Sunday, January 28, 2018

Children

I had fourteen messages piled up on the phone and it didn't ring even once. It is my family suddenly burst into conversation. Only a few of them identify with a name, the rest show only as numbers so I don't know who's doing the talking until they fit into a pattern,  but I see they are talking about Daniel being adorable. Whatever they're referring to isn't showing. I resist pressing buttons to explore and dig deeper because when I do the phone calls people right up and I cannot make it stop once it's started. I end up calling my sister at 3:00 in the morning.

Then today on my laptop this message showed up. Twice. This must have been what they were talking about. Daniel made a card and sent it to his relatives.

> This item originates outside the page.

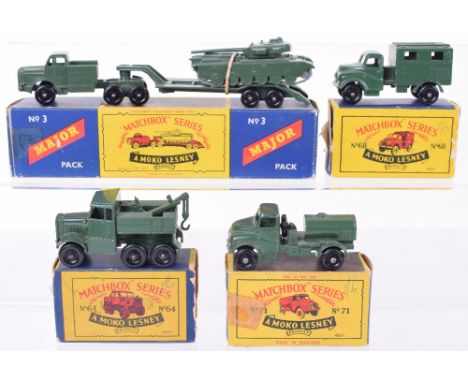 Matchbox Moko Lesney Major Pack No 3 Tank Transporter and Centurion Mark III Tank, in excellent original condition, military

So I made one and sent it to Daniel. 


The boys are learning this at their school. In the van, they showed me what they know without any prompting. They imagined they'd have me stumped with their secret language by springing it on me. And my brother never mentioned it. This is not how you say "I love you back." The real way is too easy, at this point, too universal. As you know yourself, it's the letters "i" and "L" and "y" all at once. And "back to you" is to push that configuration forward. Very eloquent. Very simple. 

And I never spell "b.a.c.k." in your direction. For the word "back." Right or wrong, I copy what I saw the first time decades ago. A finger tip touching the base of a "b" and pushing it back to the shoulder. With exaggerated mouth saying "back." So the plosive bilabial  b and the voiceless velar stop k can be easily lipread.  I also saw the index fingers of both hands reach over a shoulder and touch the top of the back in the same spot, but that is rebus in English and done by a deaf man from a large family of mixed deaf and hearing and the most knowledgeable in English of any deaf person I know. He mixes a lot of English for advantage when talking to hearing people. He knows it will work even though "Go back (to Houston)" has nothing to with your scapula. 

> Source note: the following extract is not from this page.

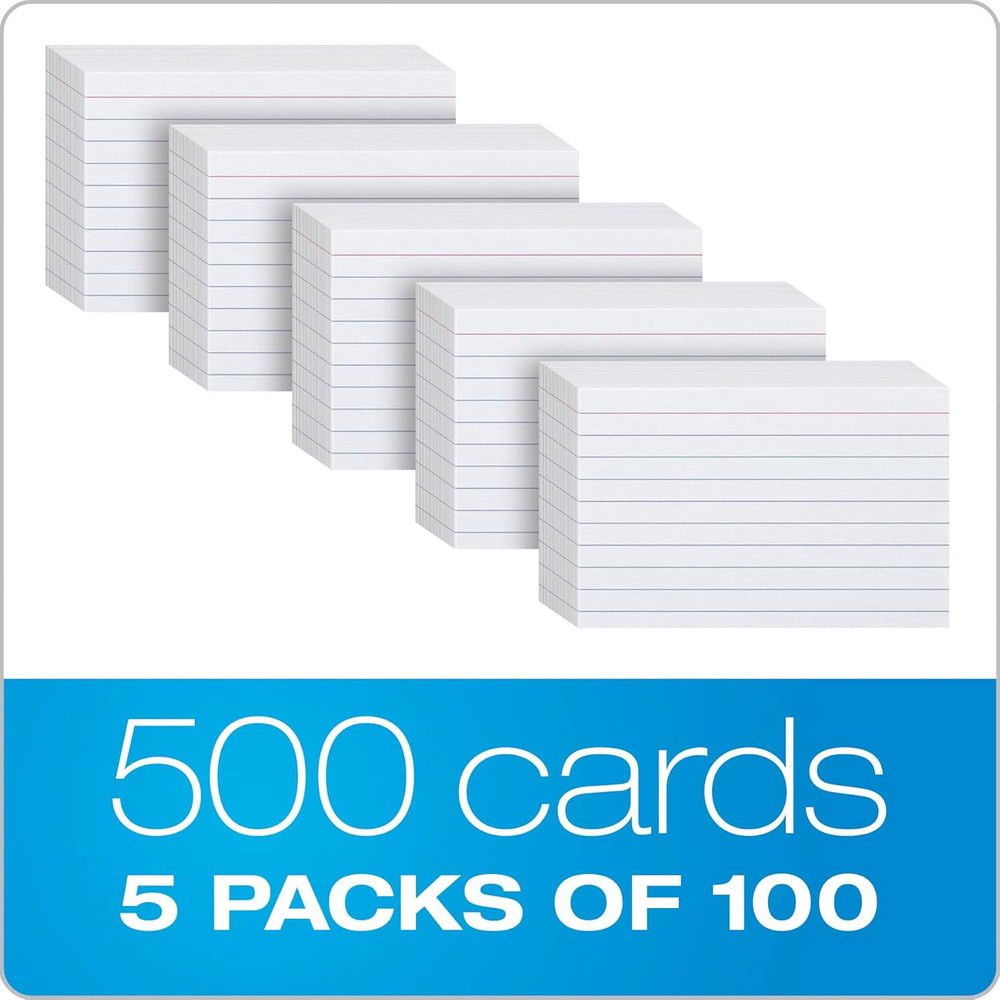 Index Cards, 3 X 5 Inches, White, Lined on Front, Blank on Back, Flashcards for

I just thought it would be fun for Daniel to puzzle this out.

But about children. I love young people to death. They prove themselves everyday. Within minutes. Within a single half block. Three times. Allow me a simple anecdote that repeats what I've said often involving a very tight area. 

It's nighttime, near closing, and I cross Broadway to the bodega for a gallon of milk. On the sidewalk at the corner where sidewalks meet, I intersect a dark male in shadows concealed by his hood. I turn my head and say "Hi." He does not respond. 

As I reach for the large heavy wooden door, without me seeing, the man had rushed forward swiftly, spun around in a sheepdog maneuver behind me, his arm juts forward beside me and pushes the door, the young man slips past me and in front of me to step inside the store and pull the door open. I pass him inside the store and he departs. "Thank you for that." 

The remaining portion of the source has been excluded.